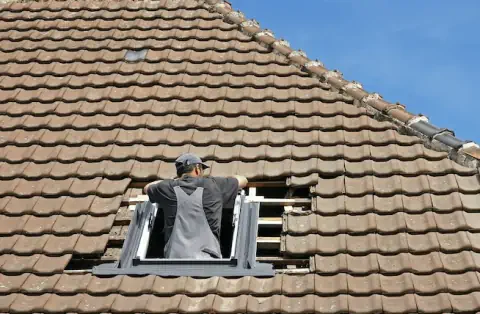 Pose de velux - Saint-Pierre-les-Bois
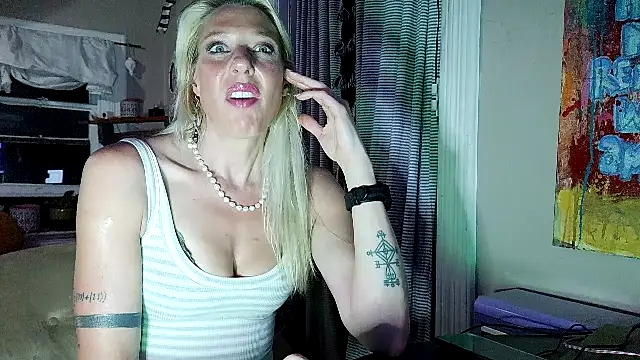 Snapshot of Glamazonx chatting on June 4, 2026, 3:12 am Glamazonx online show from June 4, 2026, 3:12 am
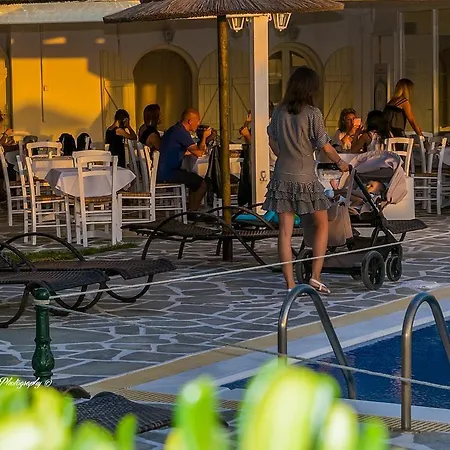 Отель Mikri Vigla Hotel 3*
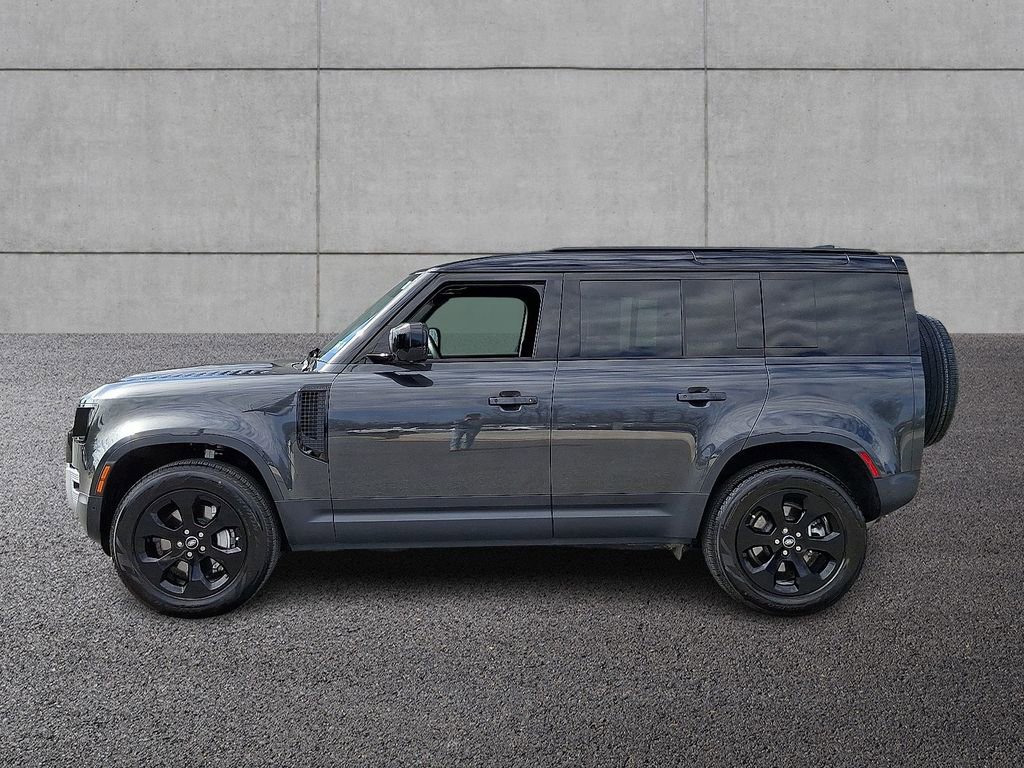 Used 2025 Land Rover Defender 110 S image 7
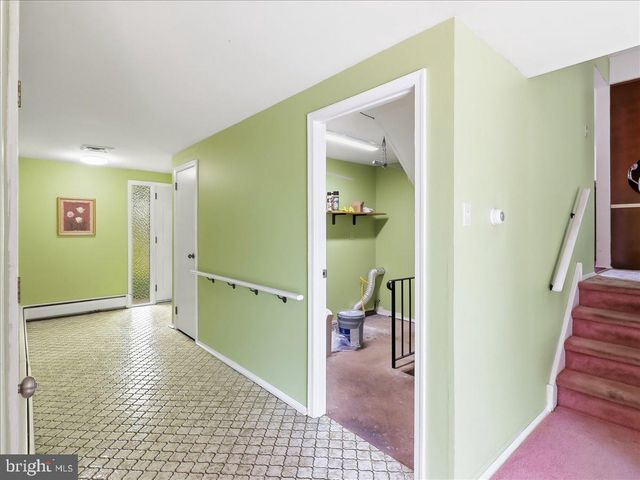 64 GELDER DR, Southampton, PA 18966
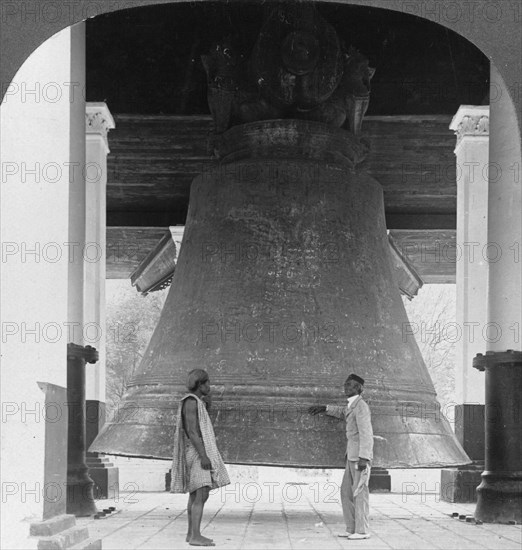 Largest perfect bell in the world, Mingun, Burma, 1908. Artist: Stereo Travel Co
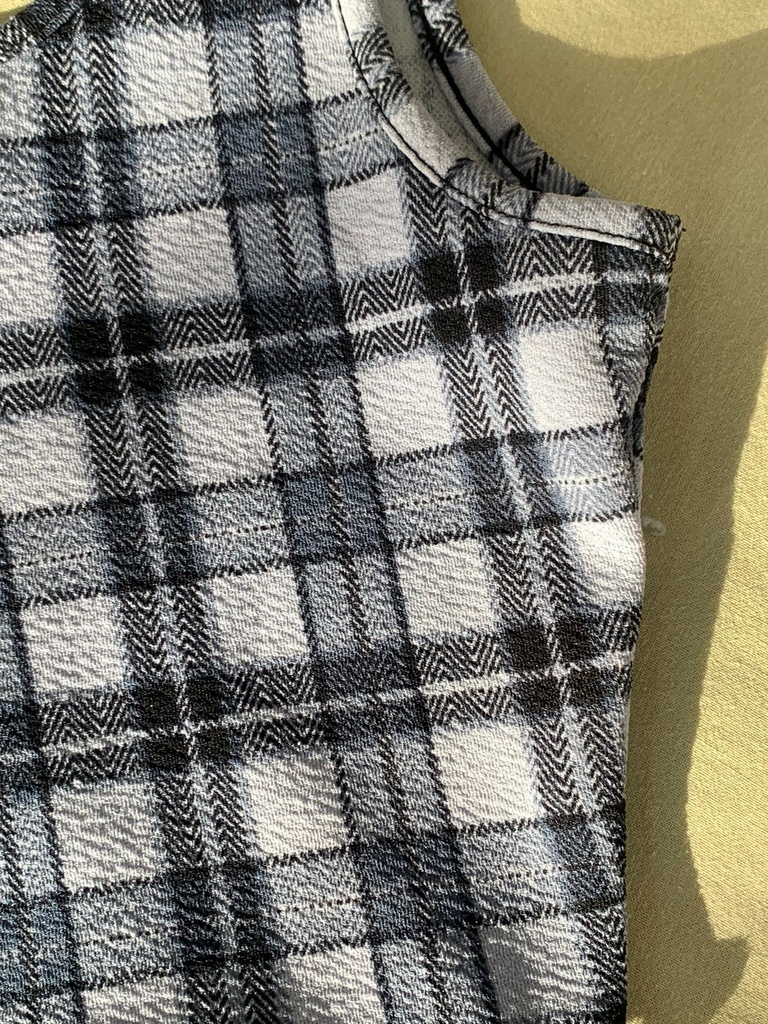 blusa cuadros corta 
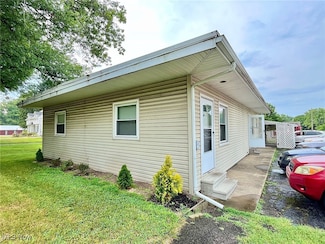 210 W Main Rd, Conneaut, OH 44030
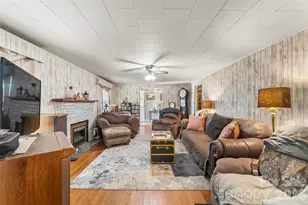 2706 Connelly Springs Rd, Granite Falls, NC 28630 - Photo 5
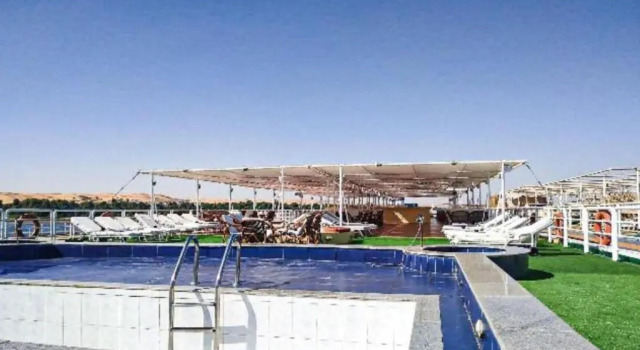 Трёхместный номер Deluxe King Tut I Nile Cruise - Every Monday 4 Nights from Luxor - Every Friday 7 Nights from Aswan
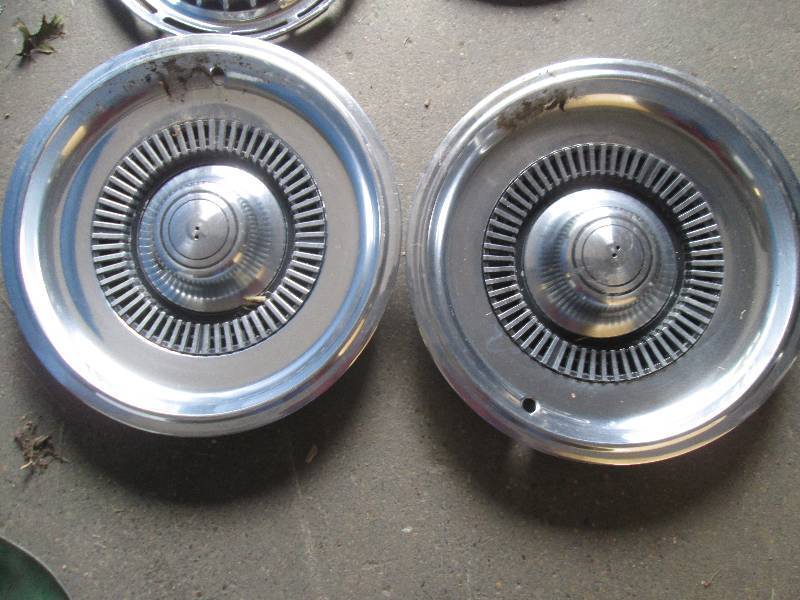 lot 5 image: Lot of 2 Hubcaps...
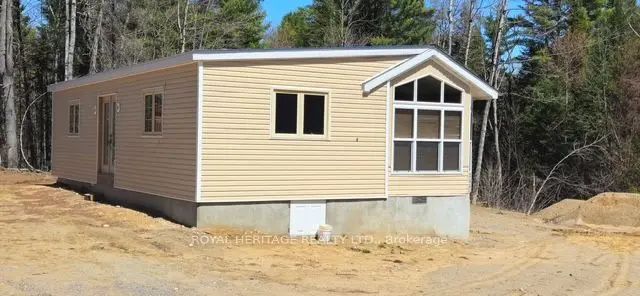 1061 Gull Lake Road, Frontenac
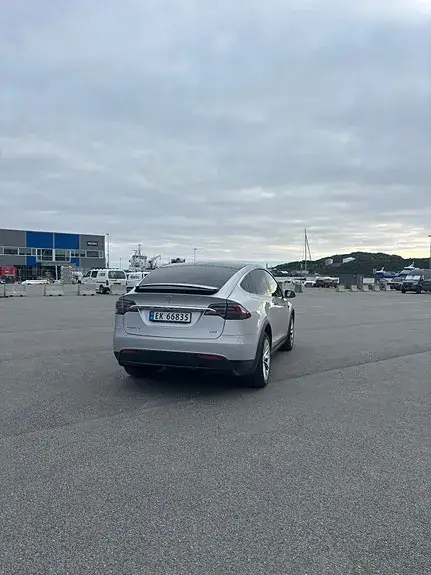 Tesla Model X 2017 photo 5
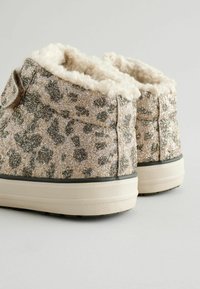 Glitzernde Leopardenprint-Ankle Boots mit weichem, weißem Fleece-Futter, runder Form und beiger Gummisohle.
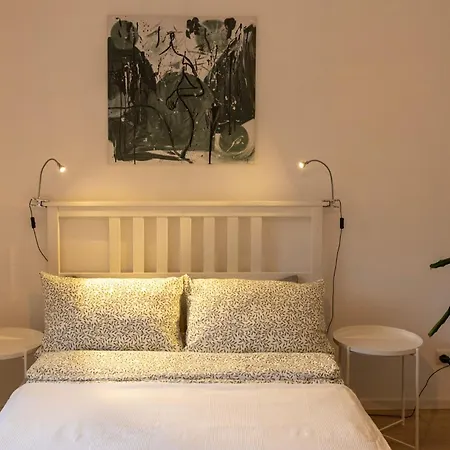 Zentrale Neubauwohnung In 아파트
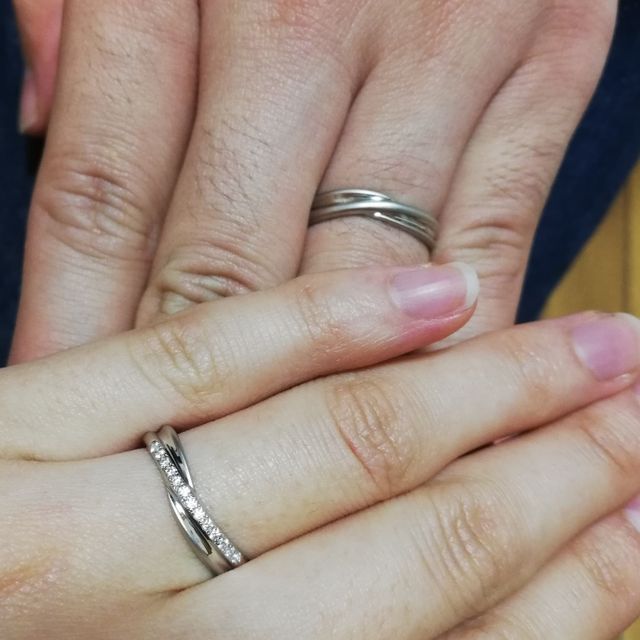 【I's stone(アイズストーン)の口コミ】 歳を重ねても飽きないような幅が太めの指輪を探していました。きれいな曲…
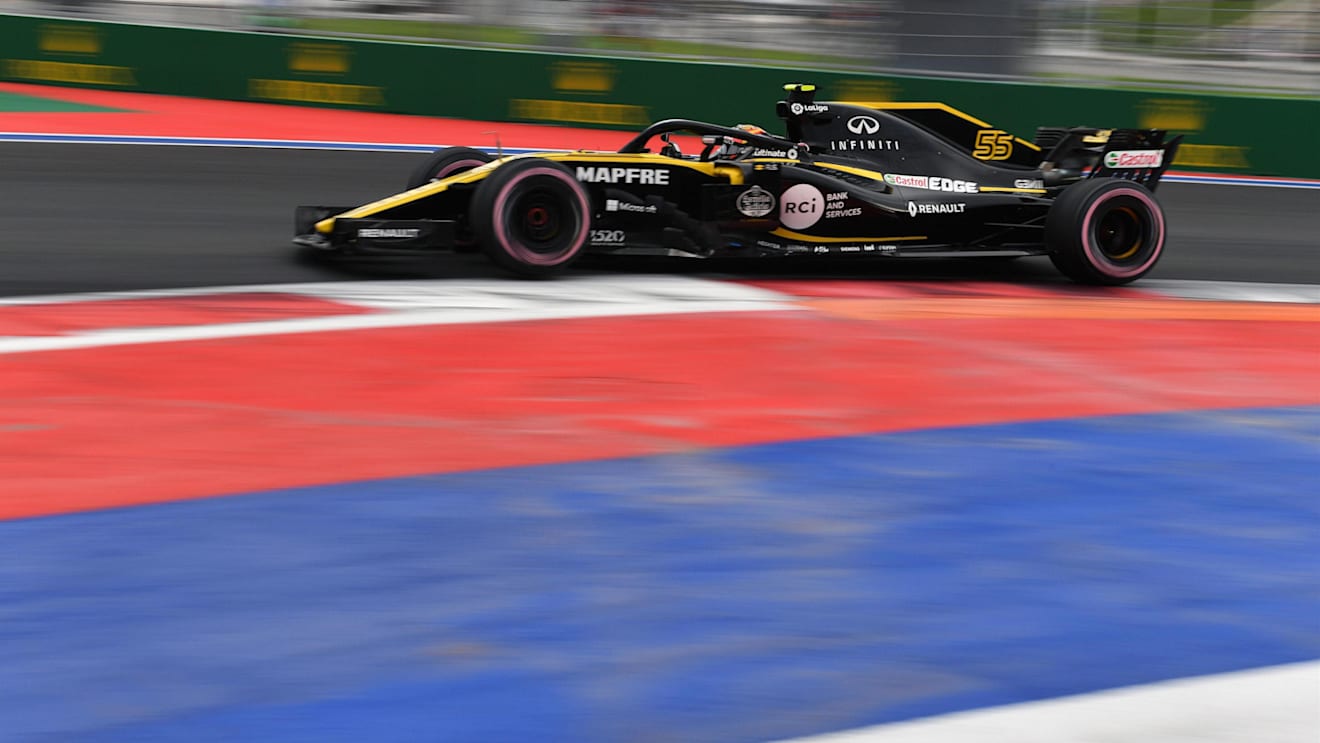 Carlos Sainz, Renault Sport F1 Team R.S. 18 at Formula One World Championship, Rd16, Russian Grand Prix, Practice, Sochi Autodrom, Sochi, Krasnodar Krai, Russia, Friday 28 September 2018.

Try it -
The lines to copy run from the line containing "Трёхместный номер Deluxe" through the end of the data above; copy exactly those, minus the pictures.

Result for this task -
 Трёхместный номер Deluxe King Tut I Nile Cruise - Every Monday 4 Nights from Luxor - Every Friday 7 Nights from Aswan
 lot 5 image: Lot of 2 Hubcaps...
 1061 Gull Lake Road, Frontenac
 Tesla Model X 2017 photo 5
 Glitzernde Leopardenprint-Ankle Boots mit weichem, weißem Fleece-Futter, runder Form und beiger Gummisohle.
 Zentrale Neubauwohnung In 아파트
 【I's stone(アイズストーン)の口コミ】 歳を重ねても飽きないような幅が太めの指輪を探していました。きれいな曲…
 Carlos Sainz, Renault Sport F1 Team R.S. 18 at Formula One World Championship, Rd16, Russian Grand Prix, Practice, Sochi Autodrom, Sochi, Krasnodar Krai, Russia, Friday 28 September 2018.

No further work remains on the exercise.